Tax calculations are always seen as hectic and mundane tasks, but if you are trading in the capital market, you need to keep a few things in mind. The profit you earn from them is termed as capital gain, and these gains are taxed. This article will show how to calculate the tax liability of individuals on capital gains of mutual funds and stocks.

How to calculate tax liability on the sale of stocks and mutual funds

What is capital gain?

Time to file IT- returns, but still, you are beating around the bush. Income from business or salary or house rent is sorted, but what about the capital gains? Capital gains aren't a complex procedure to understand, but they are termed other sources of income.
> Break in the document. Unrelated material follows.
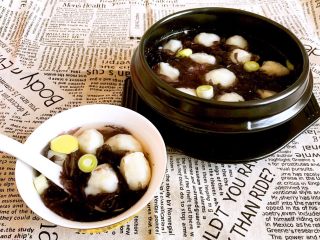 26、砂锅鱼丸紫菜汤,砂锅鱼丸紫菜汤鱼丸嫩滑，鲜香无比~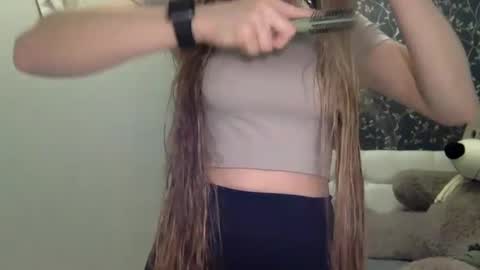 Snapshot of langoria chatting on 03/06/25, 11:03 langoria online show from 03/06/25, 11:03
In simple terms, the capital gain is the profit made from the sale of any capital asset. The capital gain calculation depends upon the period in which the assets were held.
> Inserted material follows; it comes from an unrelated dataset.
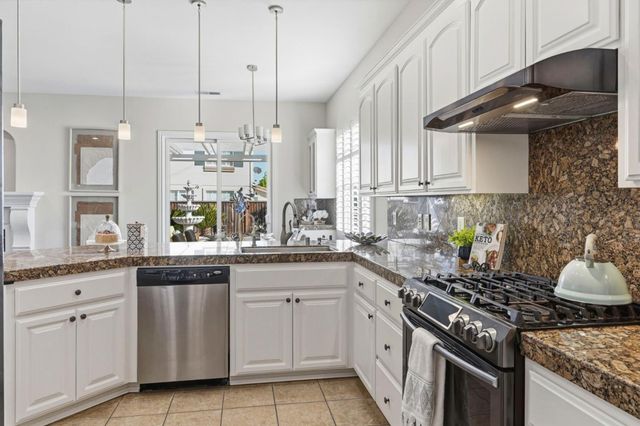 15425 La Rocca Place, Morgan Hill, CA 95037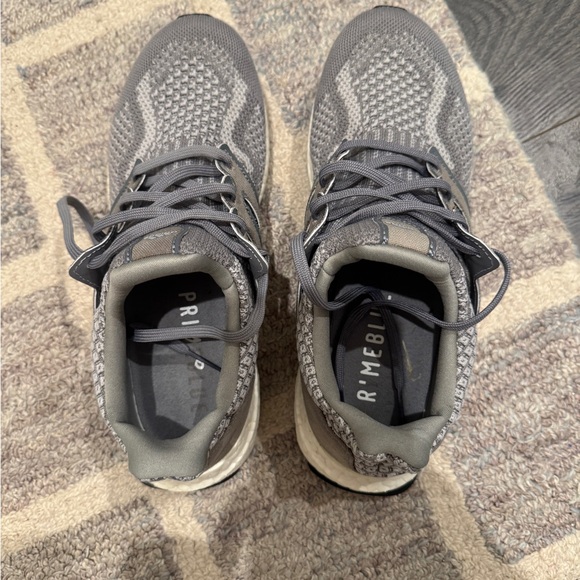 Adidas Ultra Boost - Picture 2 of 6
Also read: how to tax mutual funds

Short term capital gain

  • Short-term capital gain is when assets are held for less than 36 months. Some assets qualify as STCG with 24 months and 12 months tenures.
  • Listed equity shares or equity mutual funds on a stock market are calculated in 12-month tenure. If they are sold within 12 months of purchase, then the assessee has earned short term capital gain (STCG).
  • STCG, earned on debt-oriented mutual funds, is taxed at a tax slab rate applicable to the individual. The gain will be added to the total income and will be taxed accordingly.
  • Short-term capital gains are taxable at 15%. If your tax slab rate is 10% or 20% or 30%, STCG will be taxed at 15% irrespective of the tax slab.

Also read: long term capital gain tax planning

Long-term capital gain

  • Long-term capital gain is when assets are held for more than 36 months of tenure. But for listed shares, shares held for more than 12 months are taxable under long-term capital gain.
  • Before budget 2018, long-term capital gain from shares or equity mutual funds were considered for tax exemption. But after April 2018, the long-term capital income of more than 1 lakh is taxable at 10%.
  • Long-term capital gain, earned from debt mutual funds, is liable to tax at 20% with indexation benefit.
  • To adjust the purchase price of an investment, indexation is used to adjust the inflation on it. 
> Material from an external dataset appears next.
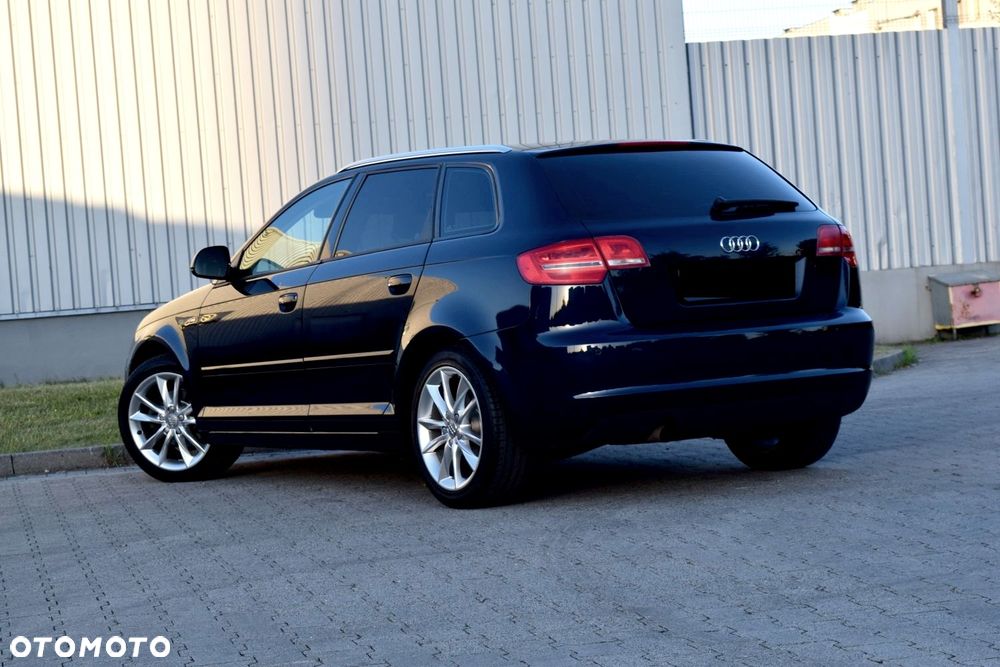 Audi A3 Sportback 1.6 S line Sportpaket plus - 12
Users can download the consolidated statement of their capital investment performances from the app they have been using to make investments from like CAMS, KARVY, GROWW, Paytm, upstox, etc. this statement will show the consolidated gain or loss. Then the user  can use the websites to calculate tax on them.

ITR Form

Income tax returns for any financial year are filed through ITR Forms. For capital gains during the year, ITR Form 2 is to be filled during filing IT returns. ITR Form 1 is filled to file tax from business, salary and rental income. Whereas ITR Form 2 is for declaring income from capital gains, all house properties and other sources.

Capital investments are the best way to invest your money and are best for tax savings. For tax purpose solutions you need to carefully scrutinise the funds in proper fund houses. But before investing, just make sure you go through adequate calculations and file an accurate tax return.